No sólo por el hecho de mostrar a un James Bond sensible, vulnerable, pero en perfecta armonía con la legendaria frialdad que caracteriza al espía más famoso de todos los tiempos. Lo mejor de Royale fue que por primera vez las aventuras de Bond tuvieron un saludable peso dramático que gracias a una astuta narrativa gestó la más icónica de las entregas de la serie. Y honestamente luego de ver Quantum of Solace, les puedo decir que el efecto de la adrenalina ya acabó.
La cinta inicia de manera interesante. Se ubica un minuto después de que Royale finaliza, cuando Bond hiere en una pierna a un villano involucrado en la muerte de su adorada Vesper. Una emocionante persecución en vehículo se desata. Minutos después se desata otra persecución a pie por tejados y terrazas, con muchos disparos y golpes, que inevitablemente le recordarán una secuencia de Bourne Ultimatum. Otros cuantos minutos luego, y otra persecución, esta vez en lanchas. Los disparos siguen, y los cadáveres siguen cayendo.
Así es señores. El 007 clásico definitivamente ha muerto. Olvídense de la elegancia de Sean Connery. El sarcasmo frívolo de Pierce Brosnan. Los fantásticos artilugios de Q no son necesarios. Bond sólo necesita su pistola. Es como un matón suelto, nada más que con una licencia oficial para matar. Hasta el sexo está ausente. Ahora Bond es un héroe atormentado. Nos recuerda en cierta manera a Jack Bauer (de la serie televisiva 24) o al amnésico Jason Bourne.

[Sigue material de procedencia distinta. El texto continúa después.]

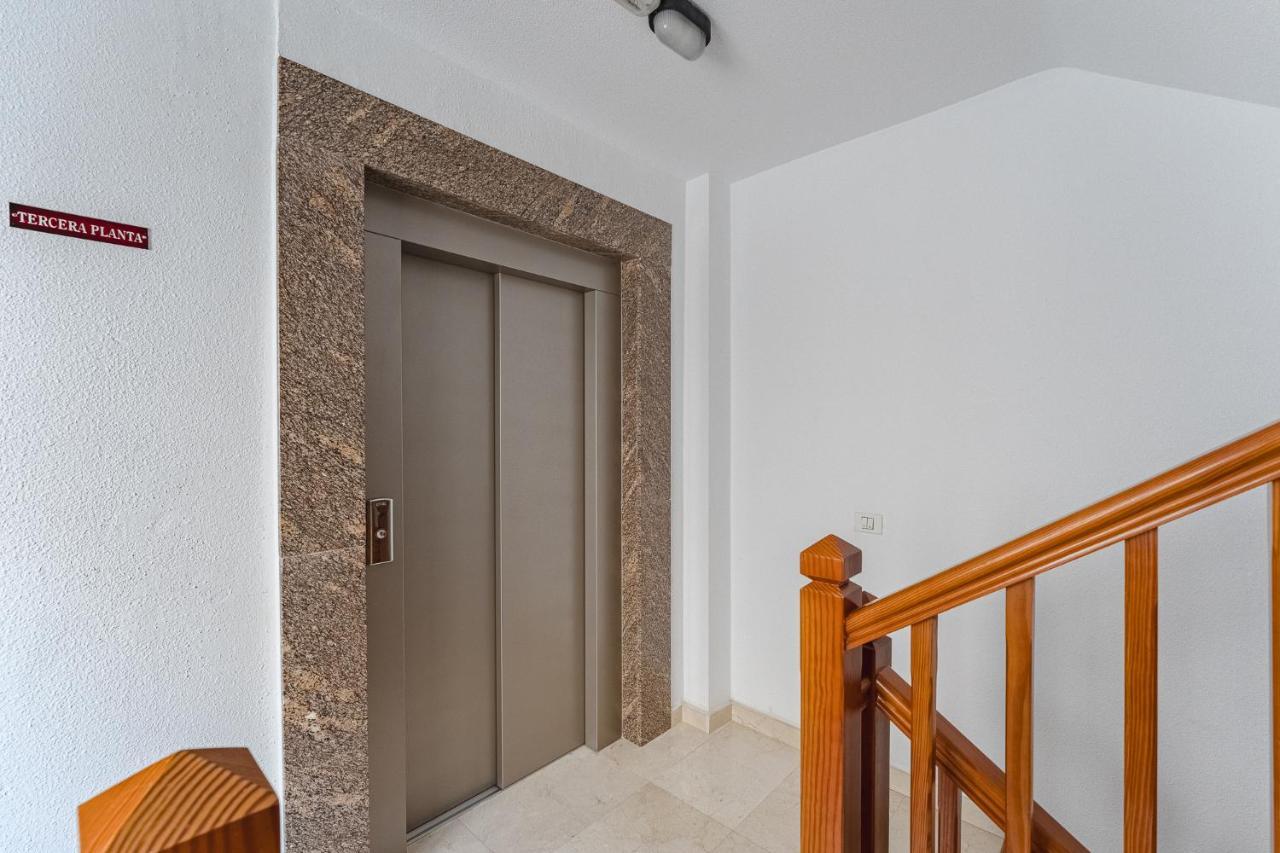 Appartement 303. Modern, Sunny Ifonche With Wifi à Costa Adeje  Extérieur photo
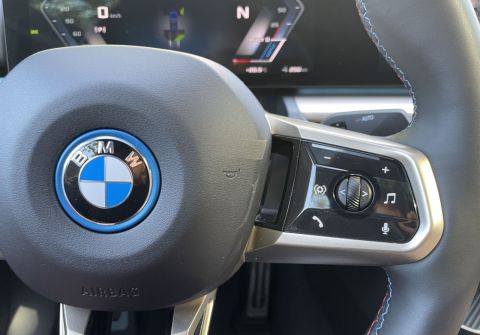 BMW i5 M60 B&W Panorama HUD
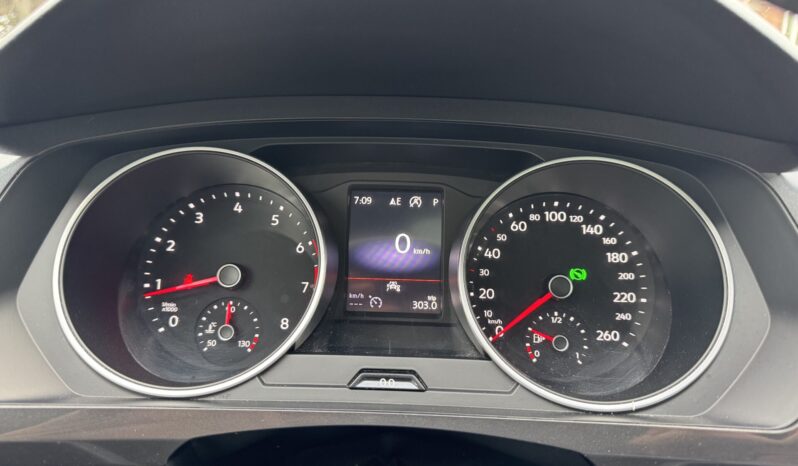 2021 Volkswagen Tiguan SE full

Entonces ¿porqué las manos que sostienen los hilos de esta columna califican la cinta como buena? En primer lugar, todas las secuencias de acción están elaboradas con una artesanía impecable. Las peleas de Bond nunca tuvieron tanta fuerza como ahora. Daniel Craig sigue asumiendo el rol del espía con todo el carácter y temple que le exigen las transformaciones impuestas por las exigencias del mercado.
Además en medio de la cinta hay pequeños oasis de exquisita manufactura cinematográfica que hacen lamentar que no se esforzarán en hacerlo durante todo el filme. Preste atención al silencio que cubre un rápido tiroteo durante la salida de una ópera.
Hay un par de guiños a clásicos de la franquicia como Goldfinger y Octopussy. Por si esto fuera poco, se le agrega una dosis de controversia política con unas alusiones directas a Bolivia. Yo creo que es más que suficiente para ver la cinta, aunque minutos después la deseche rápidamente de su sistema. Para nostalgia de lo que pudo ser una mejor franquicia, quédese con Casino Royale.